Para os fulanotes de chapéu de coco, bengala, bigodinhos retorcidos e pêras à caceteiro do republicanismo, o símbolo de muitas mulheres foi durante décadas, aquela que um dia desembracou numa Santa Apolónia apinhada de um povo desejoso de ver o futuro que chegava. Aquele porvir que trazia o interesse pela ciência e pelas questões que procuravam mitigar os abusos do laisser faire da sociedade liberal. Essa mesmo que gostava de pintar ao ar livre, que se atrevia a ler "indecências estrangeiras", ia ao teatro sem o marido, discutia os grandes temas como uma igual entre os intelectuais e que ousava fotografar, tratando ela própria, das coisas técnicas da nova arte.
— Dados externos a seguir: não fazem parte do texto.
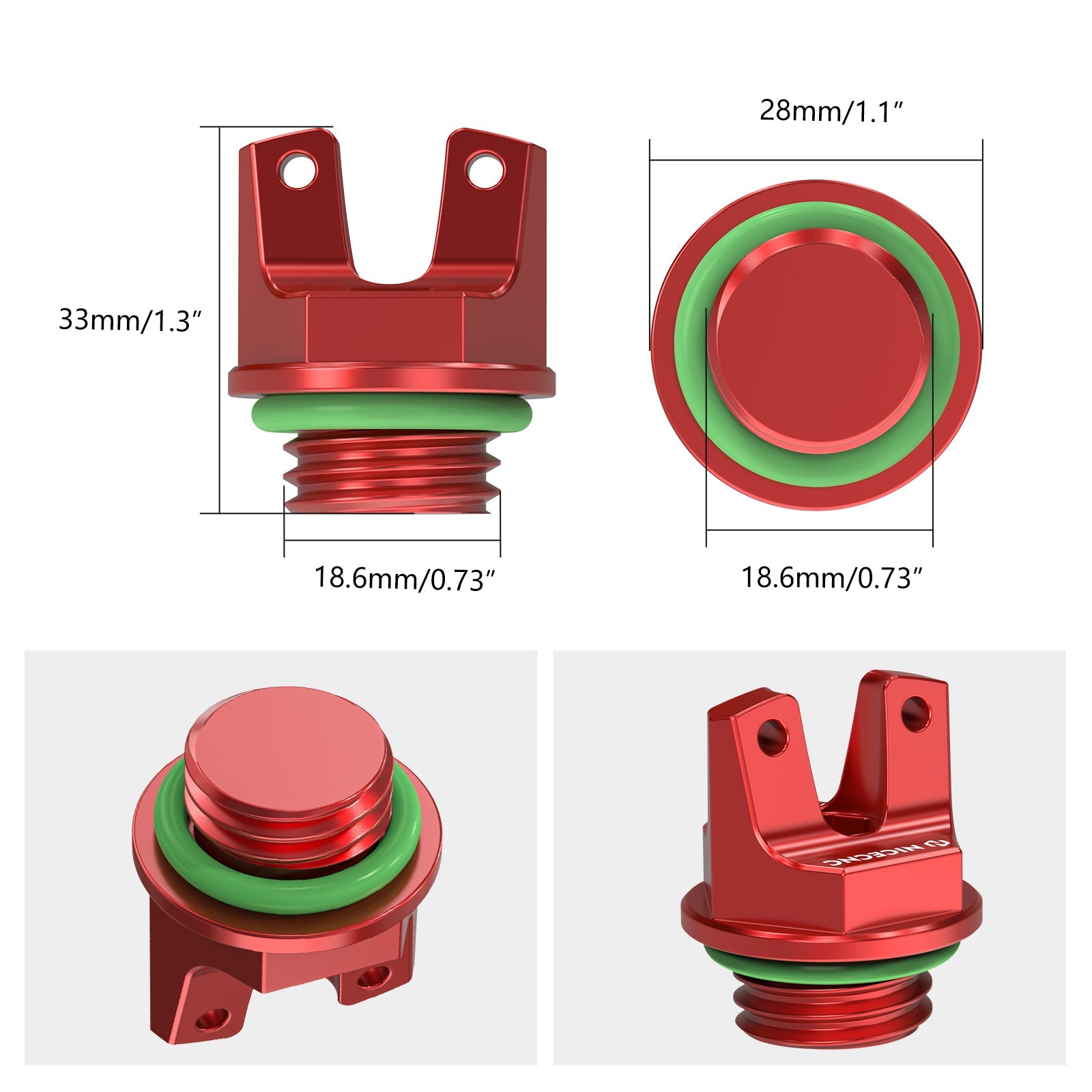 ATV Crankcase Cover Oil Filler Caps For Honda TRX 450 R / ER 2006-2014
Amélia de Orleães era para os rufiões do PRP, ..."a mulher de hoje, sobretudo aquela que vegeta nas cidades onde há cheiros de civilização, não é a mulher como devia ser, nem tão pouco parece aproximar-se da devida meta, é uma mulher manequim, chapa aonde os holofotes das casas de modas de Paris e de Londres projectam as linhas caprichosas dos seus figurinos complicados. E’ uma mulher falsificada, pretensiosa, entalada em rígidas lâminas de aço, e aumentando sensivelmente o seu peso real com alguns quilos de algodão que lhes retocam as deficiências do físico." Este textozinho, consiste numa amálgama daquilo que o PRP fazia distribuir pelas ruas da capital quando à rainha se referia e a primeira imagem que imediatamente surge, é a do retrato pintado por Corcus, pendurado na parede de honra do Museu dos Coches. Daí o ódio por quem saía à rua sozinha com os filhos, ia às compras na Baixa, cavalgava solitária no Jardim do Campo Grande, frequentava as touradas no Campo Pequeno, discutia os temas da actualidade, atrevia-se à política, enfrentava genuínas ou duvidosas sapiências e trocava correspondência com vultos eminentes da ciência e das artes. Não podia ser, aquela mulher significava a subversão da ordem aceite.

Muito bem faz a escabiótica comissão oficial do Centenário da República - a república de 1926-74 incluída -, quando sem o querer, homenageia quem jamais se sujeitaria ao estatuto de inferioridade a que o regime condenou as mulheres portuguesas, a partir daí votadas à condição subalterna de madames Carmona, donas Gertrudes e pouco mais, porque das outras, as senhoras Bernardino ou Almeida, não reza a história. Muito menos ainda, os figurinos da moda.

De facto, quando se fala em república de início do século, apenas um nome permanece na mente de todos: o da corajosa, gigantesca, teimosa, inteligente e risonha Amélia. Um ícone sem rival.